Welche Wirkung Ritualmordlegenden haben können, erfuhr die Welt im Jahre 1946, als in Kielce in Polen ein Pogrom gegen jüdische Holocaust-Überlebende losbrach, nachdem ein Kind verschwunden war und das Gerücht sich verbreitete, Juden hätten es aus rituellem Grund getötet. Bürger wurden zum Mob, in atavistischer Raserei töteten sie am 4. Juli 1946 mehr als 40 Menschen, die gerade dem Holocaust entronnen und voll Hoffnung in ihre Heimatstadt zurückgekehrt waren.

Ritualmordlegenden dienen seit dem Mittelalter der Stigmatisierung der Juden als Fremde, die auf Grund ihres Glaubens auszugrenzen sind. Dazu sind „teuflische" Machenschaften wie Hostienfrevel und Ritualmord als sinnfällige „Beweise" der Andersartigkeit der Juden notwendig und nützlich. Die Verhöhnung der Passion Christi, die Juden angeblich anlässlich des mörderischen Blutfrevels vor allem zur Pessachzeit zelebrieren, ist seit der ersten Beschuldigung zur Zeit des Mittelalters in die christliche Volksfrömmigkeit eingedrungen und teilweise bis in die Gegenwart wirkmächtig geblieben. 1144 wird als legendäres Opfer eines Ritualmordes William von Norwich genannt. Die Legende von seinem Tod durch Judenhand verbreitete sich von England aus in ganz Europa, fand viele Nachahmungen bis ins 20. Jahrhundert hinein. Einen Höhepunkt bildete die Geschichte des Simon von Trient aus dem Jahr 1475.

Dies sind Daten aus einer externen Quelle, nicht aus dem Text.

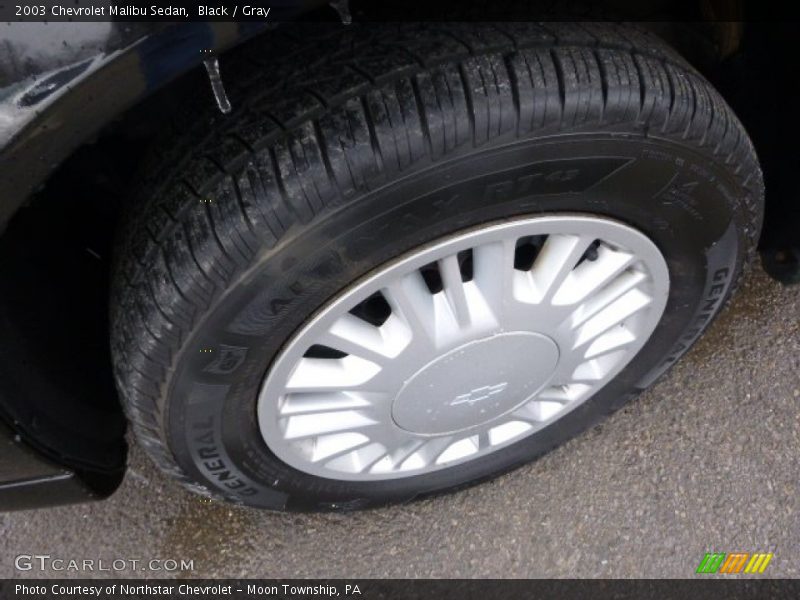 Black / Gray 2003 Chevrolet Malibu Sedan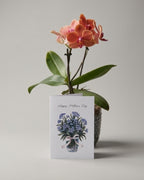 Happy Mother’s Day, Blue Flowers Card (A6)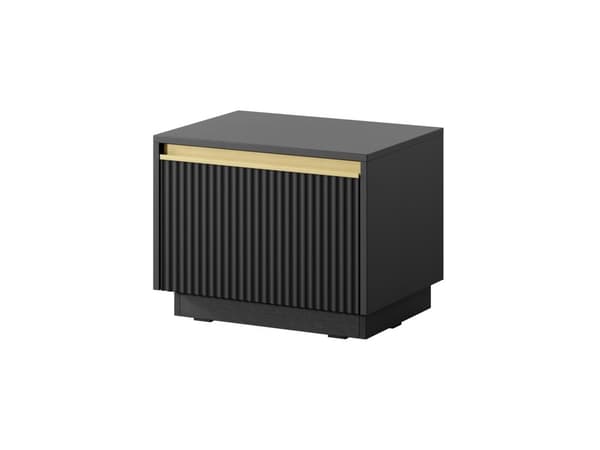 FURNLUX NATTDUKSBORD ROYAL SVART & GULD 54CM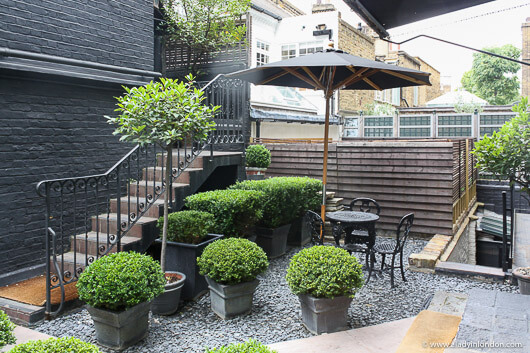 Garden at Blakes Hotel in London
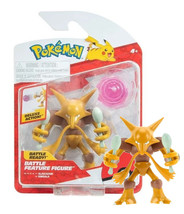 Pokemon Alakazam Battle Feature Figure New in Package - £19.56 GBP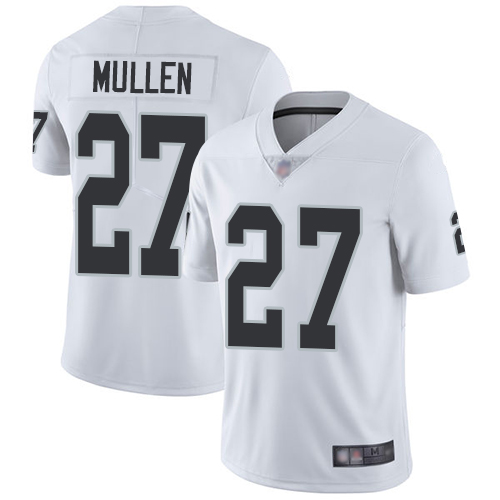 Nike Raiders #27 Trayvon Mullen White Youth Stitched NFL Vapor Untouchable Limited Jersey
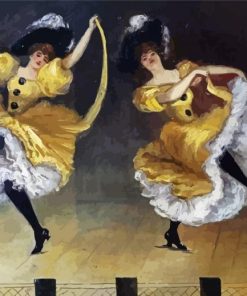 Aesthetic Can Can Dancers Diamond Painting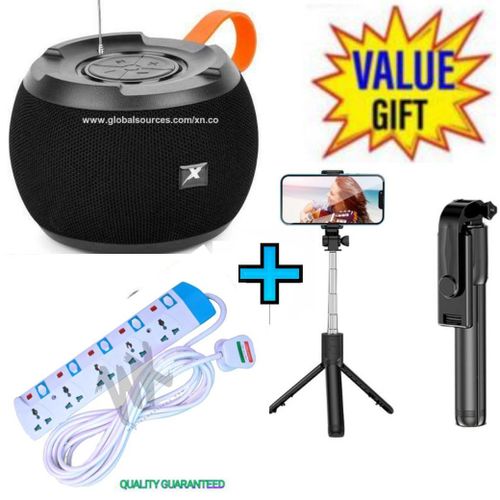WIRELESS BLUETOOTH Speaker BT/USB/TF/DC5V/AUX SUPERBASS+FREE Tripod Stand Selfie Stick+ 5Way Power Extension Socket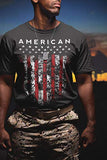 D R DETROIT REBELS American Shirts for Men, Patriotic Military Style T-Shirt USA, Green Black Army (Small, 6. American Shield Black)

Zu den Motiven der Errichtung eines Kultus gehörte das Bedürfnis, einen lokalen Märtyrer zu verehren, womöglich durch eine Wallfahrt, die auch wirtschaftlichen Segen brachte. Die Installation war einfach: Verschwand irgendwo ein Kind, wurden die örtlichen Juden des Ritualmords beschuldigt und durch Folter zum „Geständnis" der Missetat gezwungen. Das war in Trient 1475 sowohl im Motiv, einen Heiligen zu gewinnen, wie in der Methode ganz eindeutig vorbildlich für viele Fälle, auch für die Stiftung des Anderl-von-Rinn-Kultes in Tirol.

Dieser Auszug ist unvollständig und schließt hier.